The Omaha-Council Bluffs area has slipped into severe drought, and Lincoln could be next in line as meaningful rains continue to miss the region.
Omaha is on the western edge of an area of worsening conditions in Iowa.
The National Drought Mitigation Center said severe drought now encompasses Douglas and Sarpy Counties and most of Saunders County in eastern Nebraska.
Severe drought also can be found in about a quarter of west-central Iowa, including Pottawattamie County.
Central Iowa has received less than half of its normal rainfall this summer, according to the Midwest Regional Climate Center.
In the past week, the percentage of Iowa in drought has nearly doubled. About 60 percent of the state is in drought, up from 35 percent a week ago, according to the drought center.

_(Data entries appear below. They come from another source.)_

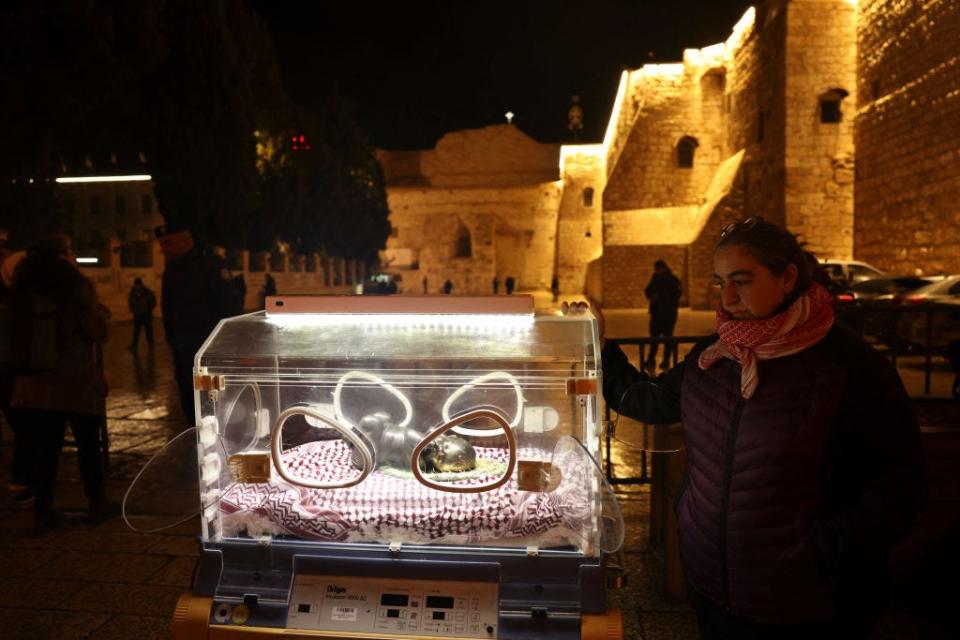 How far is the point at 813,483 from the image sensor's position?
1.49 m

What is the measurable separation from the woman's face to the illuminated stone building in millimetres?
13794

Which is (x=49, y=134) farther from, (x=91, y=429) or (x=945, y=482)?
(x=945, y=482)

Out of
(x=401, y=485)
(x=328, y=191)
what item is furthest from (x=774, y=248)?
(x=328, y=191)

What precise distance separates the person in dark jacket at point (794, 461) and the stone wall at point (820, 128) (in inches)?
692

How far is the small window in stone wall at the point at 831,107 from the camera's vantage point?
56.7 ft

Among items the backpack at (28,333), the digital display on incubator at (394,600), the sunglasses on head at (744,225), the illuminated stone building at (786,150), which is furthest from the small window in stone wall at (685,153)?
the digital display on incubator at (394,600)

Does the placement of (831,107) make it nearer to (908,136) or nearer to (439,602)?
(908,136)

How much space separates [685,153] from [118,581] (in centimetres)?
2585

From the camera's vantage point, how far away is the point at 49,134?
1351 cm

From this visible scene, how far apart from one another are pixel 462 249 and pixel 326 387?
141 feet

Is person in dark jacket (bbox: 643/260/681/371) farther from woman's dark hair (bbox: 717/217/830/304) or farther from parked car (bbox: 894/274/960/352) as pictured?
woman's dark hair (bbox: 717/217/830/304)

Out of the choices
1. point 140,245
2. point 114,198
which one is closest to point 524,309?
point 140,245

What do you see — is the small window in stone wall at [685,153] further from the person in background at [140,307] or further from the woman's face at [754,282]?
the woman's face at [754,282]

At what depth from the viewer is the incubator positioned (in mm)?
1802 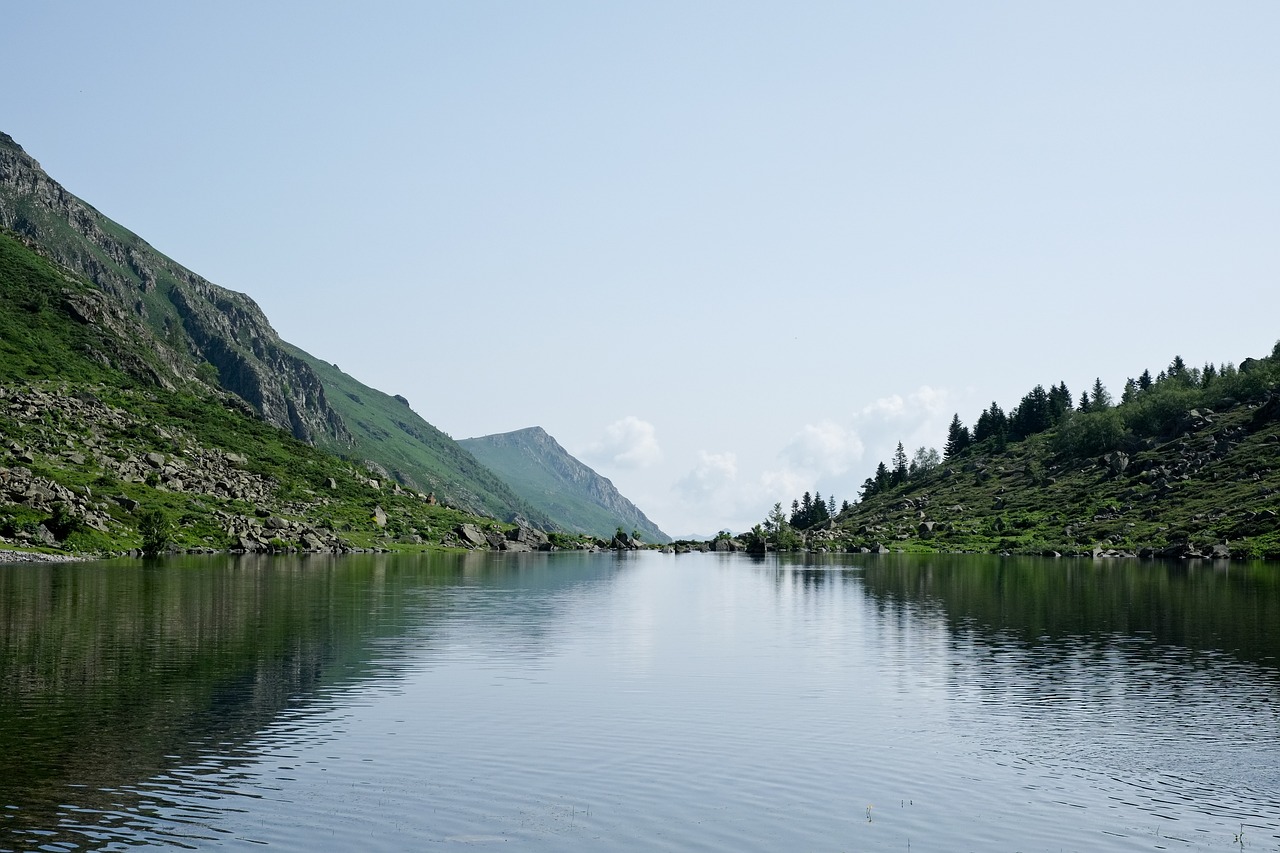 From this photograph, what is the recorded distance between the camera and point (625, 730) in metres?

Rains have bypassed much of Iowa because the storm track has been too far north, traveling through the Dakotas and touching across northeast Iowa, said Brad Small, a meteorologist with the National Weather Service.
As an example, Small pointed to the difference in rainfall between Waterloo, Iowa, where 10.62 inches have fallen this summer, and Des Moines, where 5.23 inches have fallen. Waterloo is about 90 miles northeast of Des Moines.
Small said the sudden jump in drought conditions in Iowa in the past week reflects the combined effect of a particularly dry August and the recent extreme heat.
Overall, though, conditions in Nebraska have been far worse than in Iowa.
Most of Nebraska would have little sympathy for the Omaha area, because most of the state has been in severe drought or worse since last summer. Omaha and southeast Nebraska have been the only areas to enjoy a break from drought this year.
About 91 percent of Nebraska is in drought, according to the drought center.
Al Dutcher, Nebraska state climatologist, said Lincoln has been at the intersection of abnormally dry weather and moderate drought and could fall into the severe category of drought by next week. That would likely occur if the city misses out on the rain moving through the region this weekend.
Dutcher said the 10-day forecast generally offers little promise of real relief, even though rain could come Saturday night into Sunday.
He said forecast models indicate this weekend's rain might bring only a fourth of an inch to a half-inch of rain. After that front moves through, there's little chance of a repeat of rain until the following weekend.
While hopes for drought improvement are pinned on September, Dutcher said, rain would be a mixed blessing. The land needs the rain, but a wet fall would impede the harvest.
Kathleen Cue, a horticulturist and educator for the University of Nebraska-Lincoln, advises homeowners to give their yards a good watering and to keep it up.
“Water until the ground freezes,” she said.